The Reserve Bank of India
(RBI) last week announced another set of measures to ease financial conditions. It reduced the reverse repo rate by 25 basis points to encourage lending and introduced another targeted long-term repo operations worth Rs 50,000 crore, part of which will go to non-banking financial companies and micro-finance institutions. Apart from easing non-performing asset norms, the RBI
opened a refinance facility for institutions such as the National Housing Bank. While some of these measures will help at the margin, they are unlikely to change the dynamics of the debt market materially. Liquidity was anyway not an issue for the market and infusing more money may not solve the problem. Friction in the market is being reflected by debt mutual funds.

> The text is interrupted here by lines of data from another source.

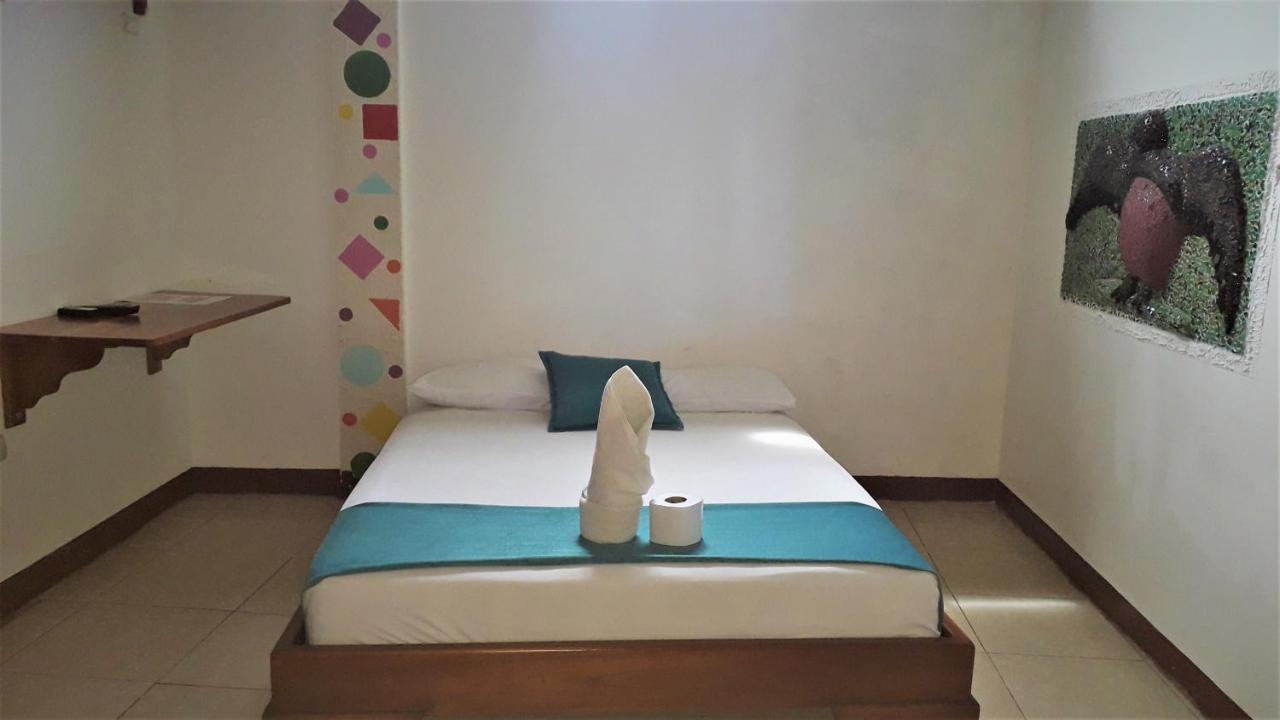 Hostal El Pinzon Puerto Ayora  Exteriör bild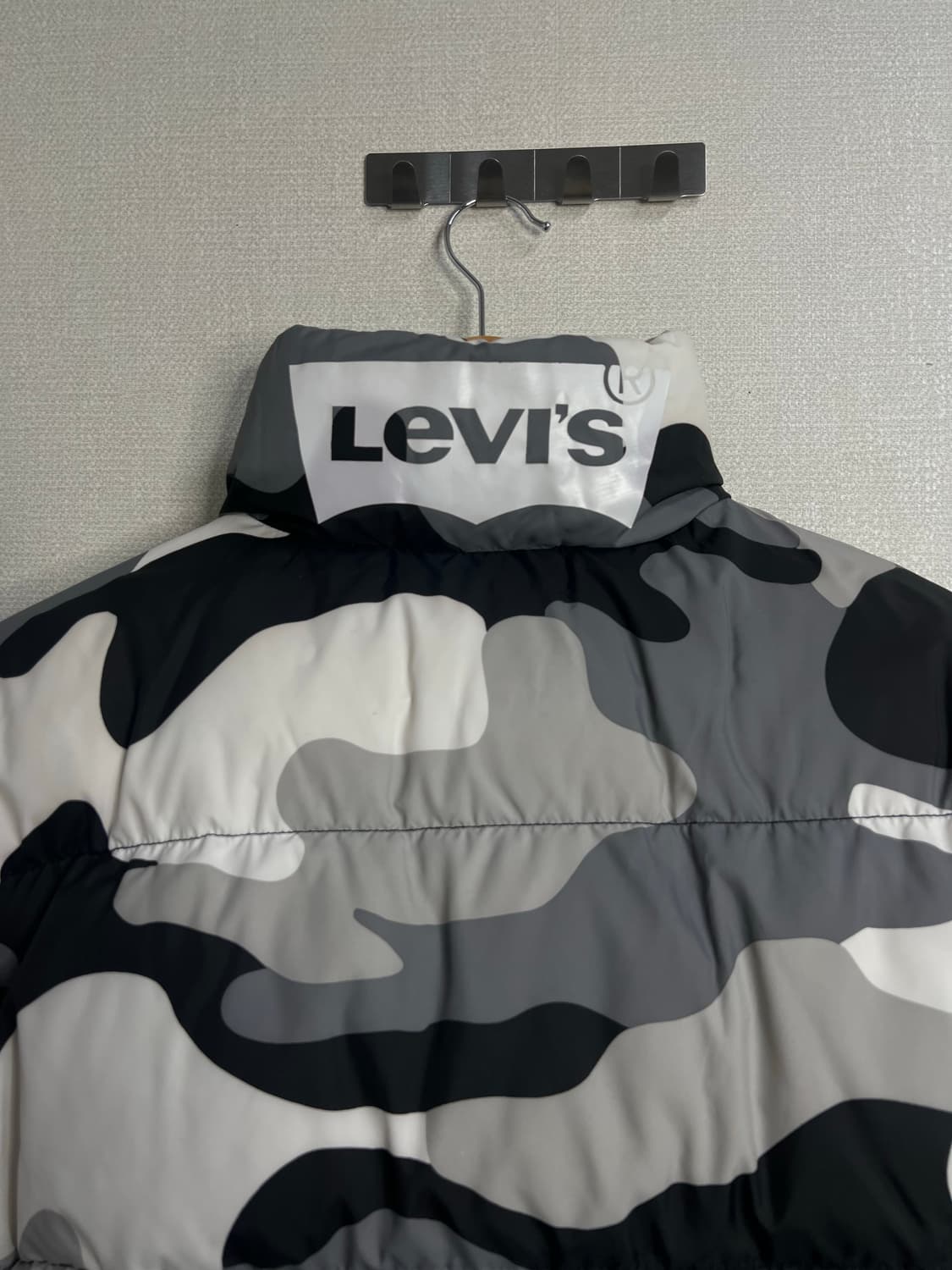 리바이스 리버시블 밀리터리 카모 패딩 상품이미지5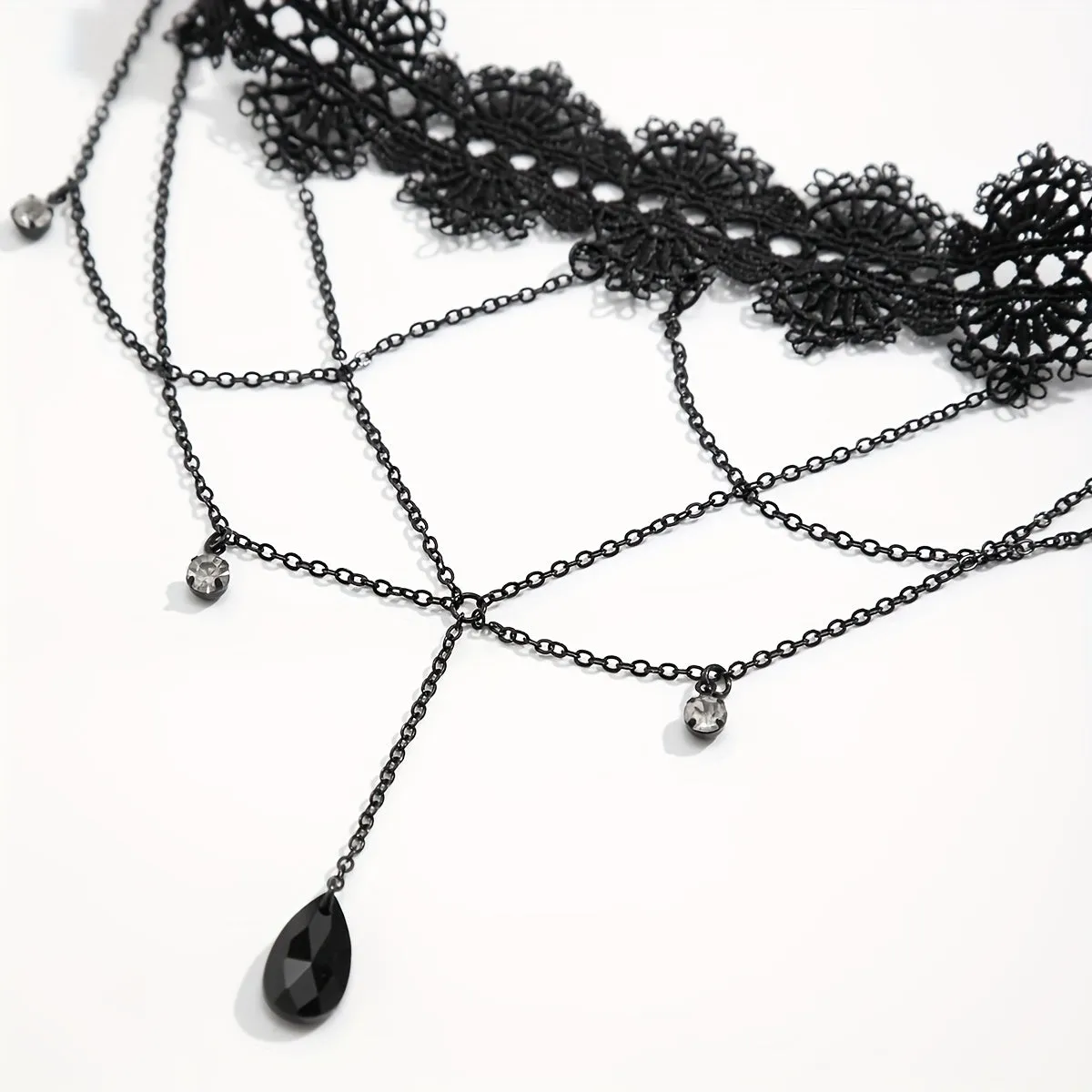 Elegant Black Lace Thigh Chain with Gothic Multi-Layer Tassels - Stretchy Band for Women, Ideal for Halloween & Thanksgiving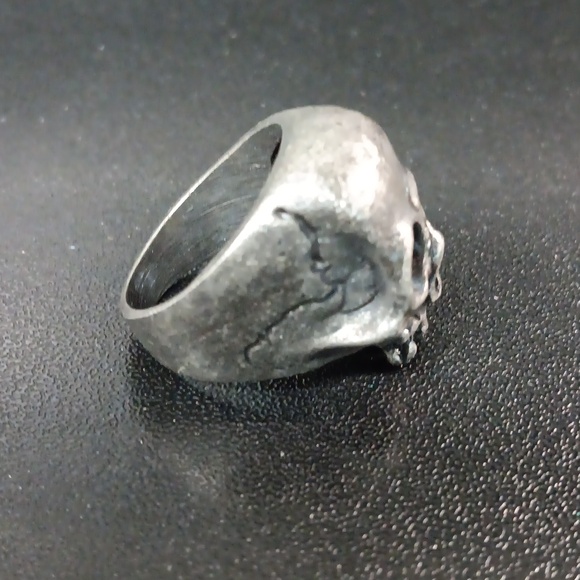 Skull Ring (New) - Picture 3 of 4
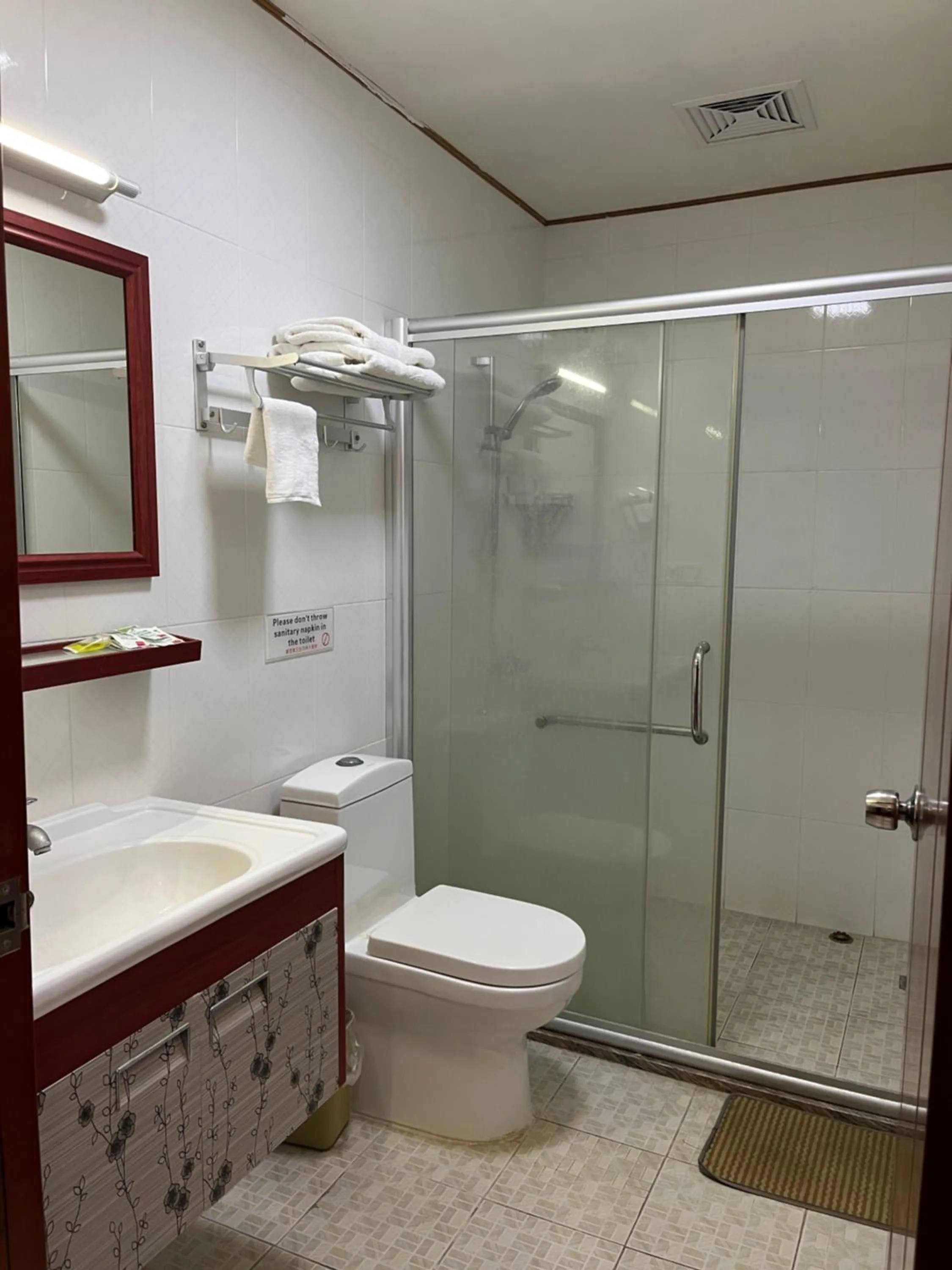 Shower in Meida Hotel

Debt funds faced redemptions worth over Rs 1.94 trillion in March. The largest outflow of over Rs 1.1 trillion was from the liquid fund category because companies pulled out cash to cope with lockdown pressure. Instead of selling securities at deep discounts in a bearish market, funds opted to meet redemption by borrowing from banks. As a result, many schemes are reporting net liabilities in terms of assets by end-March. Debt funds remain under the gun in April as well because redemption pressure has continued. While the Securities and Exchange Board of India allows debt funds to borrow up to 20 per cent of assets under management (AUM) to meet redemption demands, borrowings could easily cascade beyond that level. Some schemes had already borrowed over 17 per cent of AUMs to meet redemption demands by March-end. Despite surplus liquidity, yields on corporate debt have shot up. The risk is that the debt market remains braced for a significant increase in government borrowing, which will suck up resources and leave little for companies.
Lenders are also apprehensive about the impact of an extended lockdown on the economy. If commercial debt rates continue to rule high, many debt funds would be in serious trouble. The danger is that this stress could translate into trouble for the corporate sector, which needs to tap debt mutual funds for short-term funding. The Rs 6-trillion short-term debt market includes a large component of commercial papers issued by companies, and certificates of deposit issued by banks and financial institutions. This is a key arena for debt mutual funds to deploy cash. If the debt mutual segment is cash-strapped due to redemption stress, companies will also be starved of liquidity just when they need it most. Therefore, the central bank must prepare to act as the lender of the last resort in this market. The RBI
did open a facility in 2008 and 2013. In both the cases, the RBI
held special auctions and accepted short-term debt securities as collateral from banks, which were then allowed to lend to mutual funds. On both occasions, the special facility helped ease pressure. However, things are more uncertain this time. The markets would perhaps need some sense of normalisation and the amount of government borrowing. Extending the lockdown or extremely slow economic recovery will increase credit risk. Thus, the government and regulators will need to come up with more creative measures to contain the pressure in the debt market. Pumping cash into the system alone will not help.